What you are asked to do:
Take from the entries below the stretch from the line with "Photo of 2025" through the line with "Kawasaki Z750 2008 prepínač svetiel 01", and return it exactly, leaving the pictures out.
==== Supplied information ====
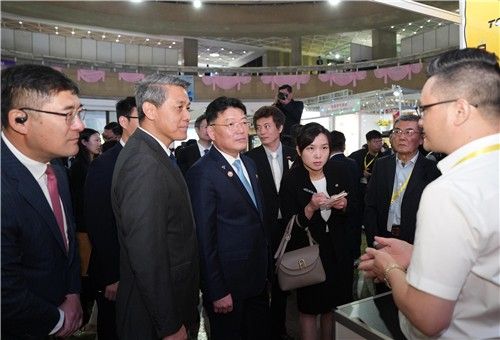 평양 국제상품전람회 참관하는 중국대사
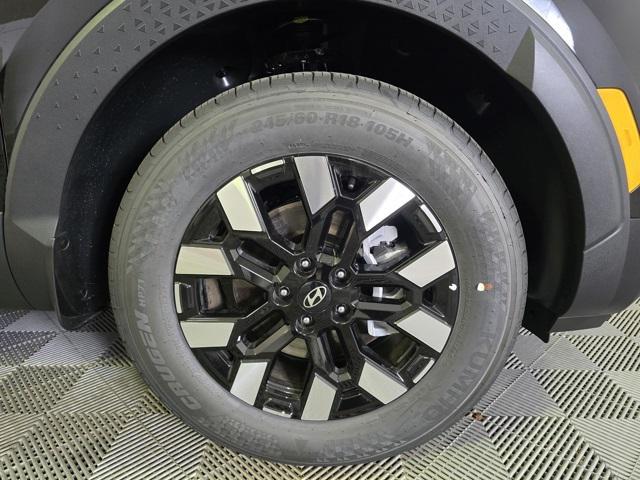 Photo of 2025 Phantom Black Hyundai SANTA CRUZ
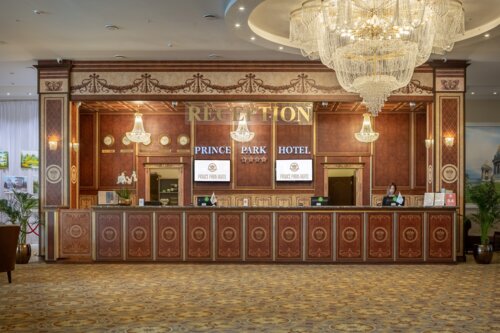 Prince Park Hotel, Book Hotel Hoteller i UZAO Area med måltider, Halvpension / Fuldpension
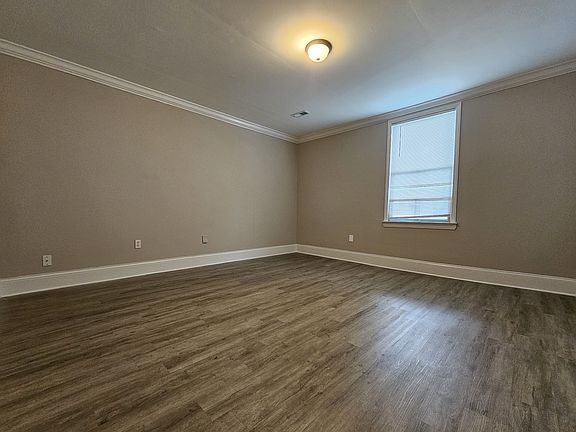 3rd image of 907 W 5th Ave #3
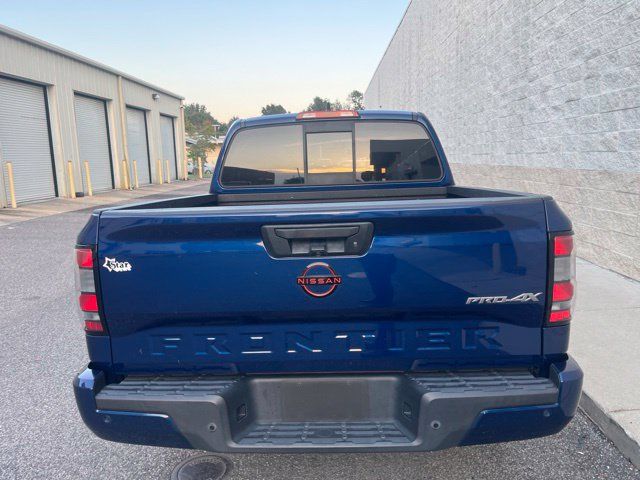 Used 2022 Nissan Frontier PRO-4X w/ Technology Package AWD/4WD image 5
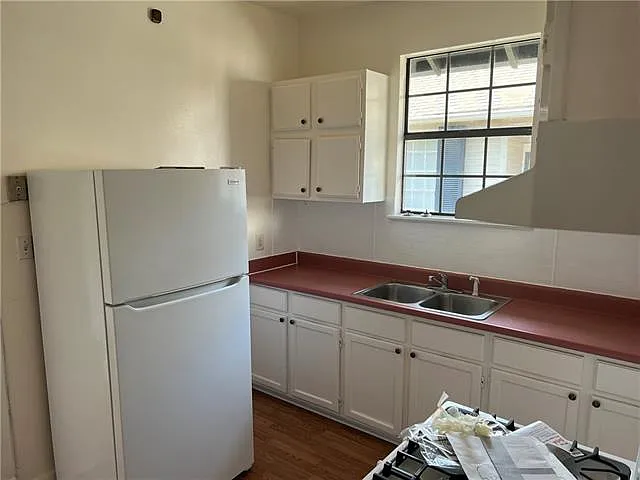 4535 Danneel St — Photo 8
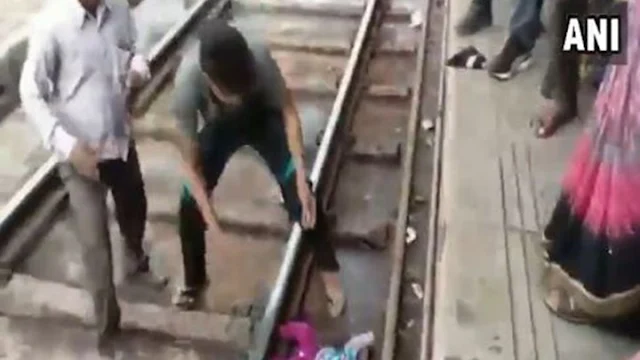 Σοκαριστικό: Τρένο πέρασε πάνω από κοριτσάκι ενός έτους! (βίντεο)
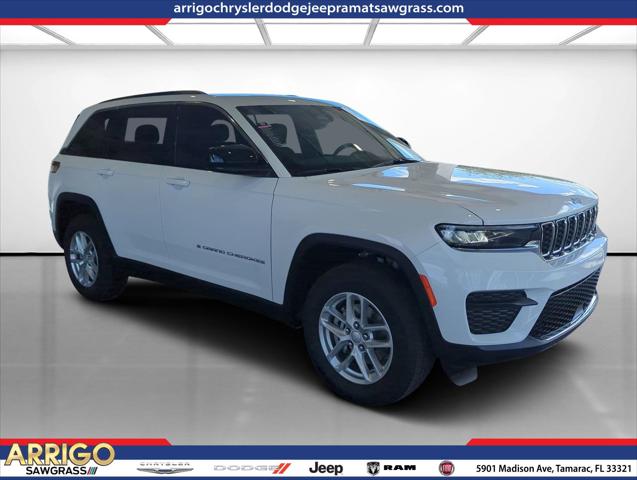 2025 Jeep Grand Cherokee GRAND CHEROKEE LAREDO X 4X4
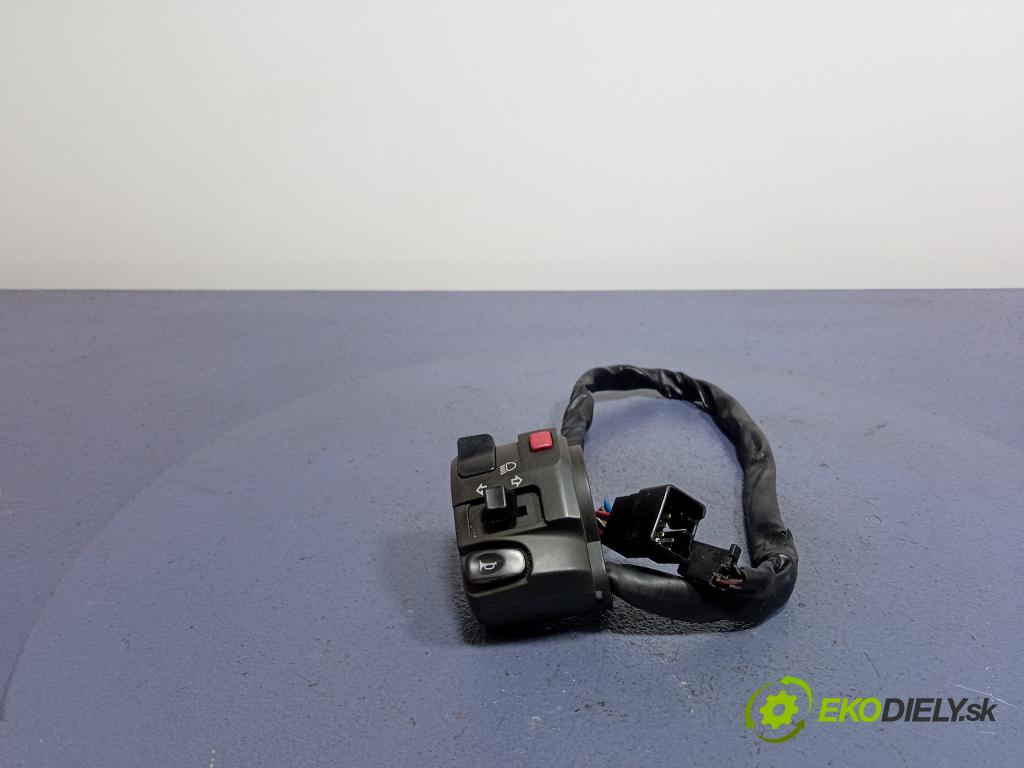 Kawasaki Z750 2008 prepínač svetiel 01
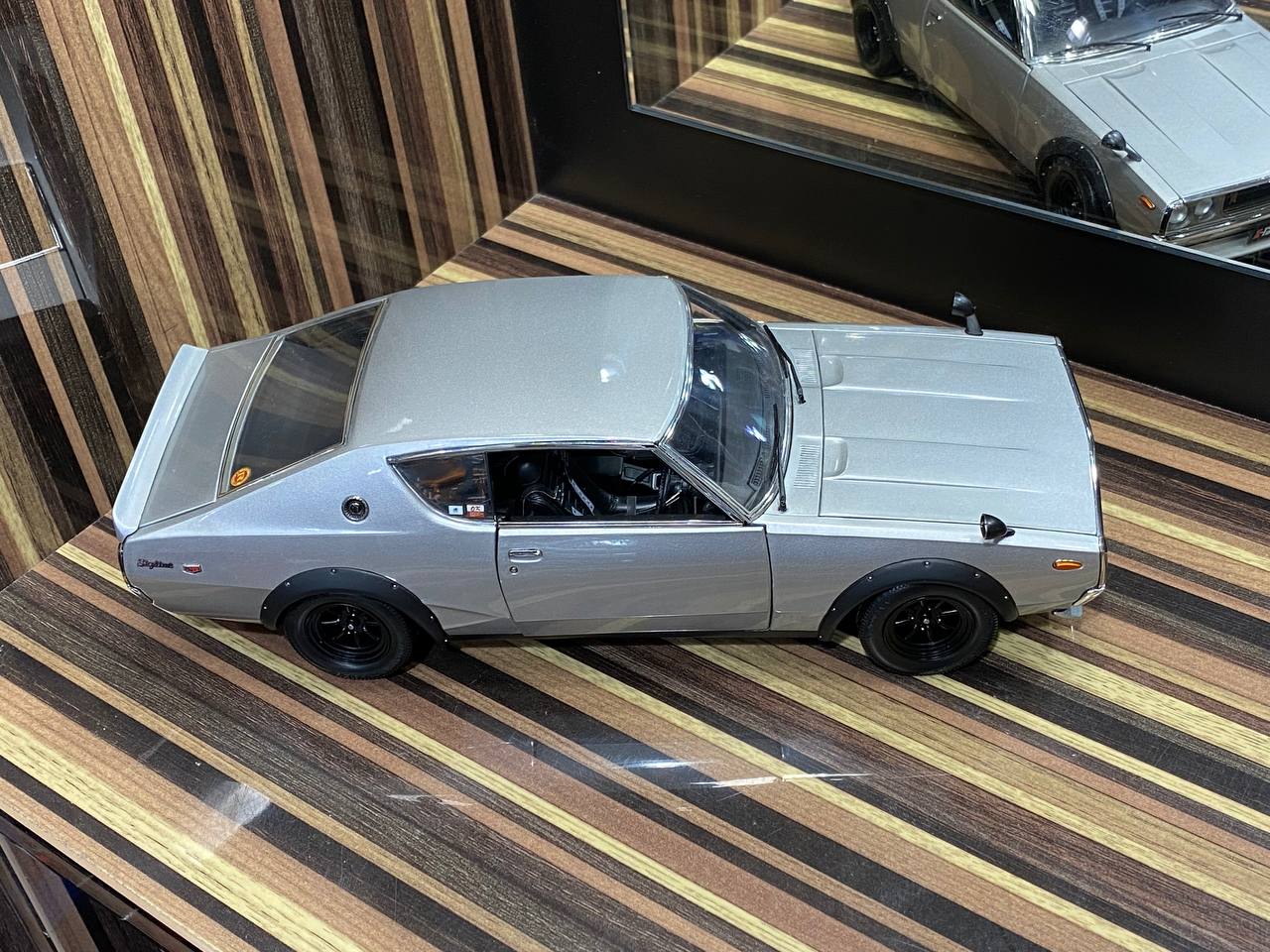 1/18 Diecast Nissan Skyline 2000 GT-R Kyosho Scale Model Car|Sold in Dturman.com Dubai UAE.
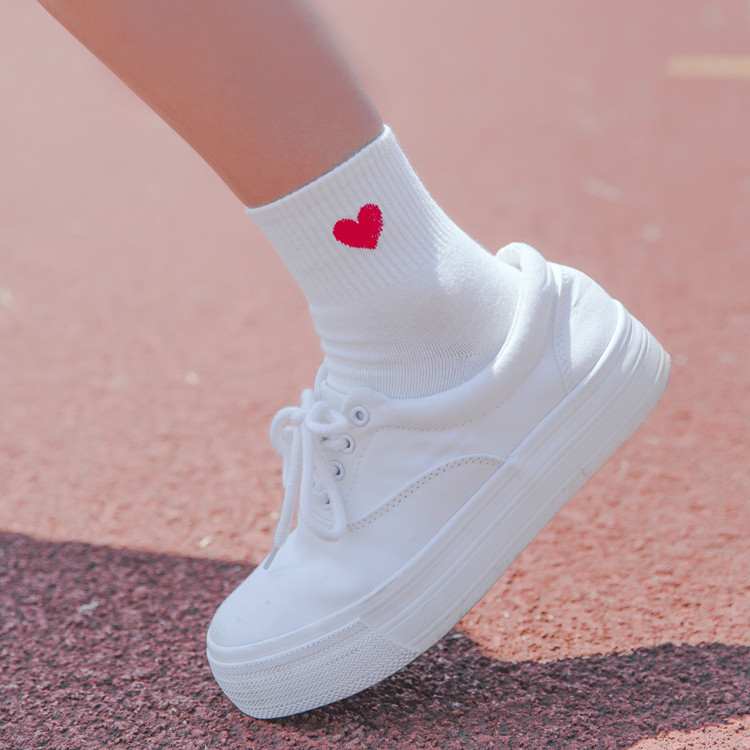 打底袜女秋冬薄款中厚韩国袜子爱心中筒原宿日系运动短筒纯棉袜子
====
Solution to this problem:
 Photo of 2025 Phantom Black Hyundai SANTA CRUZ
 Prince Park Hotel, Book Hotel Hoteller i UZAO Area med måltider, Halvpension / Fuldpension
 3rd image of 907 W 5th Ave #3
 Used 2022 Nissan Frontier PRO-4X w/ Technology Package AWD/4WD image 5
 4535 Danneel St — Photo 8
 Σοκαριστικό: Τρένο πέρασε πάνω από κοριτσάκι ενός έτους! (βίντεο)
 2025 Jeep Grand Cherokee GRAND CHEROKEE LAREDO X 4X4
 Kawasaki Z750 2008 prepínač svetiel 01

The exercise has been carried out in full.